98 . The method according to claim 96 , wherein in said in vivo cleavage assay, said isolated yeast or mammalian cell comprise an expression cassette comprising said desired DNA target and (i) a polynucleotide encoding an inactive positive selection marker due to the presence of a mutation or a deletion, or (ii) an inactive reporter gene due to the presence of a mutation or a deletion, wherein said desired DNA target is inserted in (i) or (ii) at the place of the deletion or in the vicinity of the mutation, and wherein the isolated yeast or mammalian cell further comprises a genetic construct comprising the segment of the polynucleotide encoding the positive selection marker which has been deleted or mutated, or the segment of the reporter gene which has been deleted or mutated, flanked at each side by the fragments of the polynucleotide encoding the positive selection marker or the reporter gene bordering the deletion/insertion.
99 . The method according to claim 83 , wherein the double-strand break in the desired DNA target is repaired by homologous recombination between two direct repeats.
100 . The method according to claim 83 , wherein the double-strand break in the desired DNA target is repaired by gene conversion.

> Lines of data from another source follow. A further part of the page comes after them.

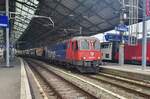 Die SBB Re 6/6 11674 (Re 620 074-5) wartet mit ihrem  Spaghetti  Zug in Lausanne auf die Abfahrt.
17. Okt .2025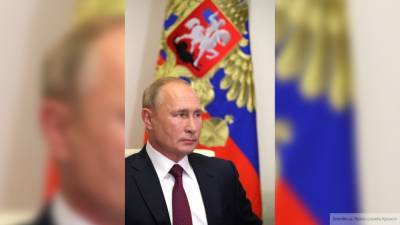 Владимир Путин - Путин отметил перспективы развития нефтехимии в России - polit.info - Россия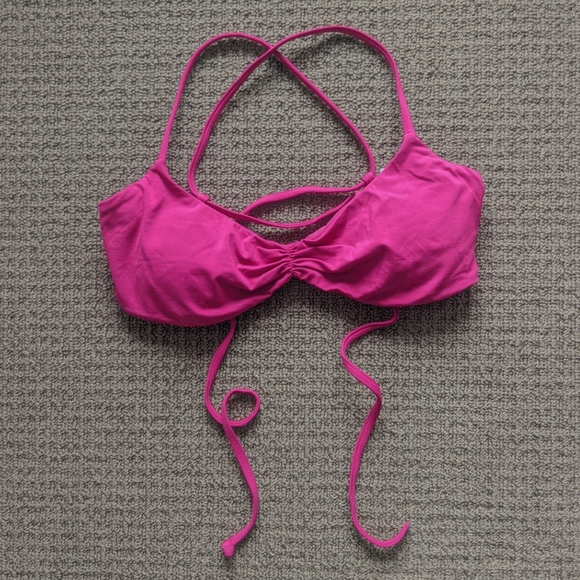 'Sol Searcher' Cross Back Bikini Top - Picture 4 of 7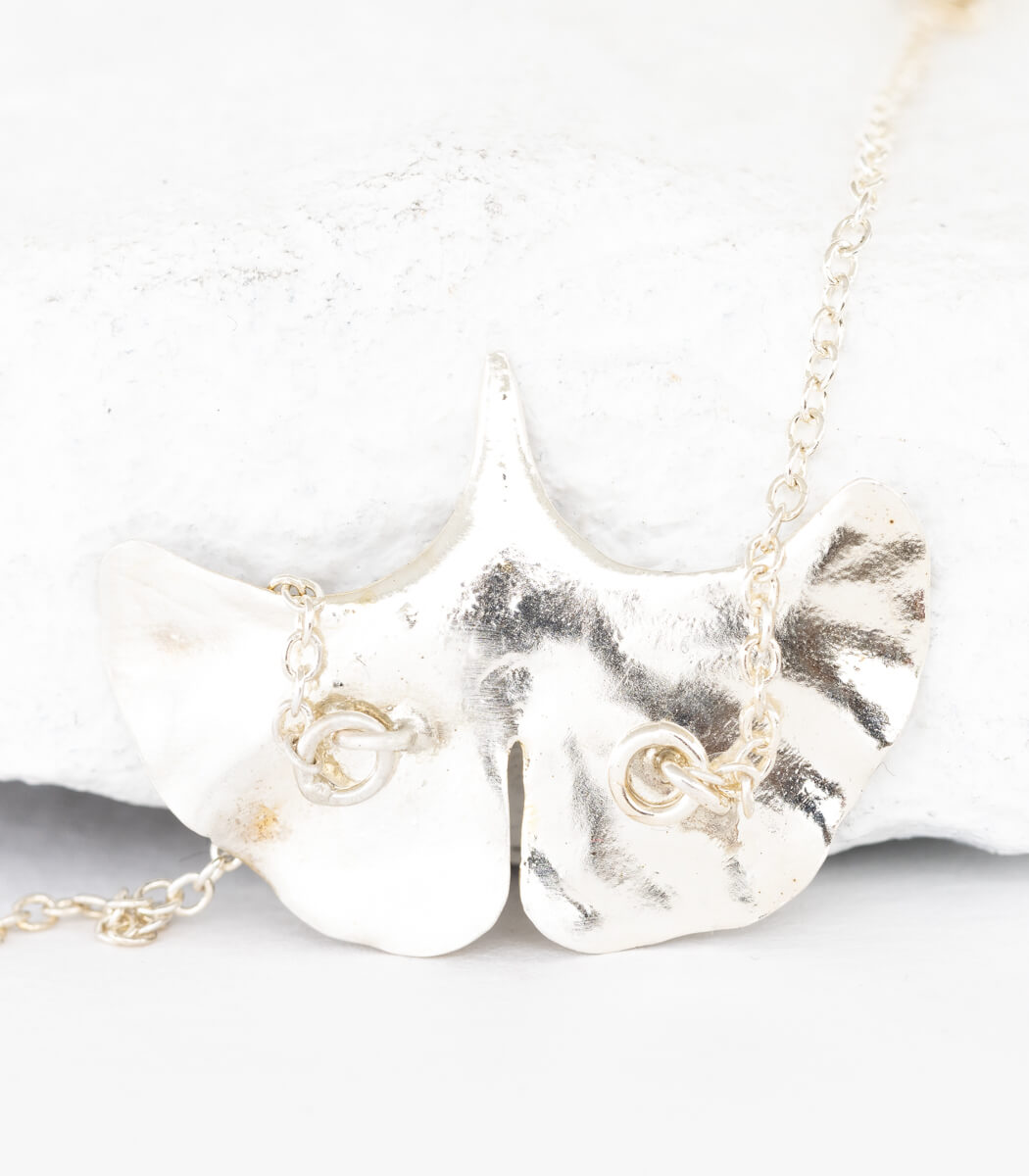 Silber Armband Ginkgoblatt – Seitenansicht am Handgelenk, handgefertigt von goodrun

101 . The method according to claim 96 , wherein the expression cassette is inserted in a plasmid which is maintained in an episomal form in said isolated yeast or mammalian cell.
102 . The method according to claim 96 , wherein the expression cassette is integrated in the chromosome of said isolated yeast or mammalian cell.
103 . The method according to claim 83 , wherein said positive selection marker is an antibiotic resistance or an auxotrophy marker.
104 . The method according to claim 96 , wherein said expression cassette comprises an additional selection marker.
105 . A method for producing LAGLIDADG meganuclease variants derived from an initial LAGLIDADG meganuclease, said meganuclease variants being able to cleave a desired DNA target which is different from the DNA target of the initial LAGLIDADG meganuclease, wherein said method comprises:
a) generating a combinatorial library of genes coding for LAGLIDADG meganuclease variants by introducing diversity into several codons of a gene encoding said initial LAGLIDADG meganuclease, wherein said codons code for amino acid residues of the four-stranded beta-sheet of one domain or one subunit of said initial LAGLIDADG meganuclease that interact directly or indirectly with different bases of the DNA target of said initial meganuclease; b) selecting meganuclease variants encoded by the genes of the combinatorial library that are able to bind said desired DNA target in vitro, under conditions excluding the presence of manganese or magnesium by incubating said library with said immobilized desired DNA target and recovering only the subset of bound meganuclease variants; c) screening the subset of bound meganuclease variants obtained in b) by a binding assay consisting of incubation of said selected meganuclease variants with said desired DNA target immobilized on a support and recovering a subset of bound meganuclease variants; d) screening the genes encoding the subset of bound meganuclease variants obtained in c) by an in vivo cleavage assay in an isolated yeast cell or an isolated mammalian cell, under conditions where the a double-strand break in the desired DNA target which is generated by said variant leads to the activation of a positive selection marker or a reporter gene, or the inactivation of a negative selection marker or a reporter gene, by recombination-mediated repair of said DNA double-strand break, and e) isolating the genes encoding the meganuclease variants obtained in d) which are able to cleave said DNA target.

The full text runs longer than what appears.